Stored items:
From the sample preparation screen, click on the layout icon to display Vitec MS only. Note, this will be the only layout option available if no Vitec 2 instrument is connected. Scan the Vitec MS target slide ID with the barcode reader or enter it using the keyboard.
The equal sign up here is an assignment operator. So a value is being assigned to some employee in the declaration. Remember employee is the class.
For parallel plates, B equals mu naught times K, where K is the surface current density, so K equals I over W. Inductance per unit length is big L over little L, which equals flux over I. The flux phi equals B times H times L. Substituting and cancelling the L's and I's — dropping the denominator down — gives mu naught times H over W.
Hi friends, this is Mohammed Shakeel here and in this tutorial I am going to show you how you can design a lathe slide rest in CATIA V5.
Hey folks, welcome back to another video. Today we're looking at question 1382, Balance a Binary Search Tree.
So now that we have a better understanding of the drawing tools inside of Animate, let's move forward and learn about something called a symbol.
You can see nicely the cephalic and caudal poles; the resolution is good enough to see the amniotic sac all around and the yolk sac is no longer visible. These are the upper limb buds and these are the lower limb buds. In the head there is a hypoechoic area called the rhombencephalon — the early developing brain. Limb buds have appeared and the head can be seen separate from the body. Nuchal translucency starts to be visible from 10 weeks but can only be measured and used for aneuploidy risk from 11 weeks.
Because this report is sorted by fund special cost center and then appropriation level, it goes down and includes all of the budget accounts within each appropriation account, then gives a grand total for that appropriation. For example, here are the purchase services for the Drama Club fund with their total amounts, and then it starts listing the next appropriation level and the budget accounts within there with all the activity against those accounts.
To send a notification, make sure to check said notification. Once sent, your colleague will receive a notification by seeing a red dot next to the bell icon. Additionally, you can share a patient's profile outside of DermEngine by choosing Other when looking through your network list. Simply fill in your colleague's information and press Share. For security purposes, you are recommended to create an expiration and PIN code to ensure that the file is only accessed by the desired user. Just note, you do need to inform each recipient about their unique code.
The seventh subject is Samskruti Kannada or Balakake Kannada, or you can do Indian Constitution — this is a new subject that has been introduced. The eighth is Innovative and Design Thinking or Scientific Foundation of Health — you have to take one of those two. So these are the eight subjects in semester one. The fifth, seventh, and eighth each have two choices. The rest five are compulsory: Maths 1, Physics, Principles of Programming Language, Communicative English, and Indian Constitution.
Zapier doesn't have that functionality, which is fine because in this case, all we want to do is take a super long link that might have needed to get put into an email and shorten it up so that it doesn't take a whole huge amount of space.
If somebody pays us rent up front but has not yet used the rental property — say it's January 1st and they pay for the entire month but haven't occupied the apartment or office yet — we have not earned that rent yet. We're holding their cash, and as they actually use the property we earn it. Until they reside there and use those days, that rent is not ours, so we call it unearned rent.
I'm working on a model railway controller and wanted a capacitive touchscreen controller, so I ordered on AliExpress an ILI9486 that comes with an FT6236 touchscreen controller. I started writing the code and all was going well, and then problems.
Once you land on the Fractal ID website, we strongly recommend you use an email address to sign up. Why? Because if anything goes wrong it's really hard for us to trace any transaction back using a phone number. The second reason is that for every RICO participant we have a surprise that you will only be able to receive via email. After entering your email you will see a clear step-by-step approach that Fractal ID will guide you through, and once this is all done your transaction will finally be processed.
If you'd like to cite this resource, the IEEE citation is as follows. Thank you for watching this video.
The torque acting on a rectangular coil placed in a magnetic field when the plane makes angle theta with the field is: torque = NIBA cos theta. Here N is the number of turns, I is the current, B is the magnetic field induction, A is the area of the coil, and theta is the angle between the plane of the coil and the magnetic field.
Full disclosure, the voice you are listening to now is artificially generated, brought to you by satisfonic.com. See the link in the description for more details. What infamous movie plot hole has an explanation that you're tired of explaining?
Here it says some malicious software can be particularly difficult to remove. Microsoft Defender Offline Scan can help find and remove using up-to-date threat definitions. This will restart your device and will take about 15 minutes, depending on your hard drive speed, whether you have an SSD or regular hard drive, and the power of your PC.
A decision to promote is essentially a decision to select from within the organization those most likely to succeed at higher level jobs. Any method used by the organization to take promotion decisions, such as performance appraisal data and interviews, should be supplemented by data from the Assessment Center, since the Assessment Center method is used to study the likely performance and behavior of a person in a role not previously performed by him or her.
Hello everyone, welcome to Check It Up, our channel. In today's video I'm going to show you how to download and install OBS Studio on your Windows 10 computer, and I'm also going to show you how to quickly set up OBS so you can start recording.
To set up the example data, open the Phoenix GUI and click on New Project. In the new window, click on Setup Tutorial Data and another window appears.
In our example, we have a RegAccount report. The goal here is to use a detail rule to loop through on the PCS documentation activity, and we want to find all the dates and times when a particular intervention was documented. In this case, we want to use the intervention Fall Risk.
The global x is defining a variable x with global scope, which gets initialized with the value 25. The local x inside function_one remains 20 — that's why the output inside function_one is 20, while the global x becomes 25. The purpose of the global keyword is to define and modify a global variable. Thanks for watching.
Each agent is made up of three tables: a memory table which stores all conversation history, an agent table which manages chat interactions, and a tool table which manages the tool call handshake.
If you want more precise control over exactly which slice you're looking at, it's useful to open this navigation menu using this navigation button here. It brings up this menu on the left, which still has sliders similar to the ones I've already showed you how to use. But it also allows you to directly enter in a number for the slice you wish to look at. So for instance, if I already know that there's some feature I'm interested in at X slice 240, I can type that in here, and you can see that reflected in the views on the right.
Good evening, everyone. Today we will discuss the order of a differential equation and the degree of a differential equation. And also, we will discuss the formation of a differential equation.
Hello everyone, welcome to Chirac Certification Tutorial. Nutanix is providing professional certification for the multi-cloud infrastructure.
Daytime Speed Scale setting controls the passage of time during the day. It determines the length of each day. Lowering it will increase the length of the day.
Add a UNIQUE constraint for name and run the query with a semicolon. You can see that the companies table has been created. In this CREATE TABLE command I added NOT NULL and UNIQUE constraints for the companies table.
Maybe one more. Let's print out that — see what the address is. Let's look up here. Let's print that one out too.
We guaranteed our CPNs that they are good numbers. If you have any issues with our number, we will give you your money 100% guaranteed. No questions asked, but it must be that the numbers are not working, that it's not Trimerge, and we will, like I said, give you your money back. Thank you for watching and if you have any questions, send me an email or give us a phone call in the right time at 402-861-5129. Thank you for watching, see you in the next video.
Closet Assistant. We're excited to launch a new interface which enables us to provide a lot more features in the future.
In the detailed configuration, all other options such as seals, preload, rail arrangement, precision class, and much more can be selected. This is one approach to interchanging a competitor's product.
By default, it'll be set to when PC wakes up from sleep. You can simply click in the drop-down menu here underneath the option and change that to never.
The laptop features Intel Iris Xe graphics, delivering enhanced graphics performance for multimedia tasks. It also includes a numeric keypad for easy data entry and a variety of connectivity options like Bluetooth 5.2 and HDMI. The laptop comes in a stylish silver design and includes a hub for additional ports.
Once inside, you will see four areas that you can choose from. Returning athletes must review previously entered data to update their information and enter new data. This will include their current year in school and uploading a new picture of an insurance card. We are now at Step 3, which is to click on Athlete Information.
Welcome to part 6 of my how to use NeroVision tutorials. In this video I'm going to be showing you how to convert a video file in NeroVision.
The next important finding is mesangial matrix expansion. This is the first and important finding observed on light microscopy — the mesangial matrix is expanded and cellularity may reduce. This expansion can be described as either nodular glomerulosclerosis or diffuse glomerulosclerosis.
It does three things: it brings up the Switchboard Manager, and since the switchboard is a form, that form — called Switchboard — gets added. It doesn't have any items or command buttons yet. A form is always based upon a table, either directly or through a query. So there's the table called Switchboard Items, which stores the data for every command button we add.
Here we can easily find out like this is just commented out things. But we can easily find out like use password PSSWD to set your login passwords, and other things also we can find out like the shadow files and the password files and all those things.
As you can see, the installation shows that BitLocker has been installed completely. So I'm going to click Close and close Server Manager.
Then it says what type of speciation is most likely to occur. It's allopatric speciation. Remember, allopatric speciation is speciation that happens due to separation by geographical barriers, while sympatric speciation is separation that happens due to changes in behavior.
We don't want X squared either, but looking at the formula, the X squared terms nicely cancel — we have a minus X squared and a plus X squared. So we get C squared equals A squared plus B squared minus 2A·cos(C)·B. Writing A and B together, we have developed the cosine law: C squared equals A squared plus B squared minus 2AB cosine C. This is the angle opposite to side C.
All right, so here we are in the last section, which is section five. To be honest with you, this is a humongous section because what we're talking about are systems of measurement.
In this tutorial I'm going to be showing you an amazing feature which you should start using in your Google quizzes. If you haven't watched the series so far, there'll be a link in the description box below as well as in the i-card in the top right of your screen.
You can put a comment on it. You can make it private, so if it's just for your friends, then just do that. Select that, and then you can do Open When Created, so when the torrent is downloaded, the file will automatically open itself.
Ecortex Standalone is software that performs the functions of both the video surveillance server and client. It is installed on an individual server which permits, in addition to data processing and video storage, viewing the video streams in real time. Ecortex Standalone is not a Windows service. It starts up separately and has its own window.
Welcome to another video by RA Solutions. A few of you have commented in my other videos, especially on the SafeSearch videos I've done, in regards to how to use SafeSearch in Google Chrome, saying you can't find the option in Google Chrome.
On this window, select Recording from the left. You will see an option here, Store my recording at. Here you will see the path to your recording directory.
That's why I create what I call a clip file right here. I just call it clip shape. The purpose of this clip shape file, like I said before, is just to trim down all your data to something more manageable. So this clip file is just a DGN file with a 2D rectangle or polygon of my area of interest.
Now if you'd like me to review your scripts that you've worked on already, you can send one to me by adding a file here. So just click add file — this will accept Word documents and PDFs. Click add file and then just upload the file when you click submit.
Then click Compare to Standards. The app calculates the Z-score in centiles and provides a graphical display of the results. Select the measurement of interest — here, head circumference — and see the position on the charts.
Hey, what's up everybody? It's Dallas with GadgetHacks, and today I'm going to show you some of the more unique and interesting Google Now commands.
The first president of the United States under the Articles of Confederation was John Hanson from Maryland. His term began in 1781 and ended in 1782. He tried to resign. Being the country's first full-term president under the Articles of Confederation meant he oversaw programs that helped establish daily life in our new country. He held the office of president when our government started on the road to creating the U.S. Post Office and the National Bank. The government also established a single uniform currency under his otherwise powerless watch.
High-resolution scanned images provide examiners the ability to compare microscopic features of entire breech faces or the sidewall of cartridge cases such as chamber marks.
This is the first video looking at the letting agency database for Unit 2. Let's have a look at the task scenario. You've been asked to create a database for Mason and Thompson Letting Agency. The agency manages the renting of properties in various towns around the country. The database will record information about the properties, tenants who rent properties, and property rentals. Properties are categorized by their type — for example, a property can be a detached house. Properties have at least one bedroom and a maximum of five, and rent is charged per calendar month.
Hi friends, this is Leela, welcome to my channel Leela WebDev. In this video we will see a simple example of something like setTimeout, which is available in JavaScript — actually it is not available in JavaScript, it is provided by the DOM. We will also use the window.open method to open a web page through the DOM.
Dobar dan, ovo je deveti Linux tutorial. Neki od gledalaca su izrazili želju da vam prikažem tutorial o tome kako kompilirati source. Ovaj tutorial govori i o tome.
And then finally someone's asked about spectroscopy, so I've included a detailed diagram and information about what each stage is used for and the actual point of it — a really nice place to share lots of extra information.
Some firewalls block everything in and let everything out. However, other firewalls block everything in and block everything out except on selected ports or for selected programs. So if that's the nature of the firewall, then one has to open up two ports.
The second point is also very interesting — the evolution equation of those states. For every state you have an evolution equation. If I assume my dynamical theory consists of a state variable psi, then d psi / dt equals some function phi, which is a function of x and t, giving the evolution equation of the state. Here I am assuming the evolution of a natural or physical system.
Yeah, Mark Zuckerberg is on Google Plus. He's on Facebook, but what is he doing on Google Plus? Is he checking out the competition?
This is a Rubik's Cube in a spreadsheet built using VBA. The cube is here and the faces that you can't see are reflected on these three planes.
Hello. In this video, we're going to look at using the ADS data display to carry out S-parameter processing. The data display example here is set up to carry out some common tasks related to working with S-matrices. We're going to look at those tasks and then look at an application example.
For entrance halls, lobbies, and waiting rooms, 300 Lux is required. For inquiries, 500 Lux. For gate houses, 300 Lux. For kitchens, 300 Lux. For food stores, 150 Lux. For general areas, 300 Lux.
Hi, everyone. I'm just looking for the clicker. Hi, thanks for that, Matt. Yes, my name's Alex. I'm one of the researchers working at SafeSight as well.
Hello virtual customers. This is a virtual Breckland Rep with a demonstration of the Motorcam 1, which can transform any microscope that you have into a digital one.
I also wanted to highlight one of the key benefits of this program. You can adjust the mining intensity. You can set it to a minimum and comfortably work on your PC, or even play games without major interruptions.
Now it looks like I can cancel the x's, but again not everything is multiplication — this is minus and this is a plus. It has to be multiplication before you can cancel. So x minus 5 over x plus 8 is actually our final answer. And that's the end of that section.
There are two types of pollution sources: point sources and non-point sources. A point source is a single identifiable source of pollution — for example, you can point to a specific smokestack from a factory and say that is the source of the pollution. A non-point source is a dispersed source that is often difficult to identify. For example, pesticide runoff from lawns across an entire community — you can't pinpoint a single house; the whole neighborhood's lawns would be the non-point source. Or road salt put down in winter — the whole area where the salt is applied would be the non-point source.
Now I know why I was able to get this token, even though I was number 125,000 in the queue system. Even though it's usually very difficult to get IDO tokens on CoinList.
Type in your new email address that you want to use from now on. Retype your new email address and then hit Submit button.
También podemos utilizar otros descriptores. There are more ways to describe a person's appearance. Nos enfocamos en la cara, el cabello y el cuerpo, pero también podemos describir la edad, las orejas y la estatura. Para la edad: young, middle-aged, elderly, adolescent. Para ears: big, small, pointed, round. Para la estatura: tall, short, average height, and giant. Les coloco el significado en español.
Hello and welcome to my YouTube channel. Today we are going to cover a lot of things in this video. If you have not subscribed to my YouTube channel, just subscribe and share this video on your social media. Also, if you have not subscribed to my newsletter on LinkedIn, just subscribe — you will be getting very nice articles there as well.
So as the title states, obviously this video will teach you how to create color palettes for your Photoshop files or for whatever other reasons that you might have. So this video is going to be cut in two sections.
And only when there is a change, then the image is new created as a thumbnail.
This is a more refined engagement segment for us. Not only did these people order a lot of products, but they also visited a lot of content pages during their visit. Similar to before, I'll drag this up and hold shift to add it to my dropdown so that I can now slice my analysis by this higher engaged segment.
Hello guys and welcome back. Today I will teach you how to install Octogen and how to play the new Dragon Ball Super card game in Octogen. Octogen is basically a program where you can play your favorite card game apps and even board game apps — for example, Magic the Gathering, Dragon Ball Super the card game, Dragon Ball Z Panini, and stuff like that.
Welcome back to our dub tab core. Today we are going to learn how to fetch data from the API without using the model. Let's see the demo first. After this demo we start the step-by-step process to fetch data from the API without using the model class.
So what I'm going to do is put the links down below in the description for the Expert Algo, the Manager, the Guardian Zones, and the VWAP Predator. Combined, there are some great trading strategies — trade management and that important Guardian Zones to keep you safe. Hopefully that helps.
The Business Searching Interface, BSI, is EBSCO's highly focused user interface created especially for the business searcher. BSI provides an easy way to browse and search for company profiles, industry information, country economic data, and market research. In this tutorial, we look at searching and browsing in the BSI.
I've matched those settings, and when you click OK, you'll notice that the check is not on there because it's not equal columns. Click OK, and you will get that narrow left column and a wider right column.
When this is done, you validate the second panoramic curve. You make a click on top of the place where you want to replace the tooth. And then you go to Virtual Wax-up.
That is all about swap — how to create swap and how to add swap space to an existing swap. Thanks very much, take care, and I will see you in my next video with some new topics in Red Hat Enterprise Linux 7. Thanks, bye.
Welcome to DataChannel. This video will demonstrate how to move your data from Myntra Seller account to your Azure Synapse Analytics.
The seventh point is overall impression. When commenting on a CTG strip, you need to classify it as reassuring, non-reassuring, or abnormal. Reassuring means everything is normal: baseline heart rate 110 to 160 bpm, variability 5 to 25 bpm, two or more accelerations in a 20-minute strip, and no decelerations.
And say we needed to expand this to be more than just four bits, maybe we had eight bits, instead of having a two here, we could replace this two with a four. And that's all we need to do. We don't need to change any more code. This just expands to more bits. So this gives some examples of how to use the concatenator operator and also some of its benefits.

**WHAT YOU WILL DO**
Given the records above, return exactly the lines starting at the line containing "If you'd like to" and ending at the line containing "In our example, we", including both.

**EXERCISE SOLUTION**
If you'd like to cite this resource, the IEEE citation is as follows. Thank you for watching this video.
The torque acting on a rectangular coil placed in a magnetic field when the plane makes angle theta with the field is: torque = NIBA cos theta. Here N is the number of turns, I is the current, B is the magnetic field induction, A is the area of the coil, and theta is the angle between the plane of the coil and the magnetic field.
Full disclosure, the voice you are listening to now is artificially generated, brought to you by satisfonic.com. See the link in the description for more details. What infamous movie plot hole has an explanation that you're tired of explaining?
Here it says some malicious software can be particularly difficult to remove. Microsoft Defender Offline Scan can help find and remove using up-to-date threat definitions. This will restart your device and will take about 15 minutes, depending on your hard drive speed, whether you have an SSD or regular hard drive, and the power of your PC.
A decision to promote is essentially a decision to select from within the organization those most likely to succeed at higher level jobs. Any method used by the organization to take promotion decisions, such as performance appraisal data and interviews, should be supplemented by data from the Assessment Center, since the Assessment Center method is used to study the likely performance and behavior of a person in a role not previously performed by him or her.
Hello everyone, welcome to Check It Up, our channel. In today's video I'm going to show you how to download and install OBS Studio on your Windows 10 computer, and I'm also going to show you how to quickly set up OBS so you can start recording.
To set up the example data, open the Phoenix GUI and click on New Project. In the new window, click on Setup Tutorial Data and another window appears.
In our example, we have a RegAccount report. The goal here is to use a detail rule to loop through on the PCS documentation activity, and we want to find all the dates and times when a particular intervention was documented. In this case, we want to use the intervention Fall Risk.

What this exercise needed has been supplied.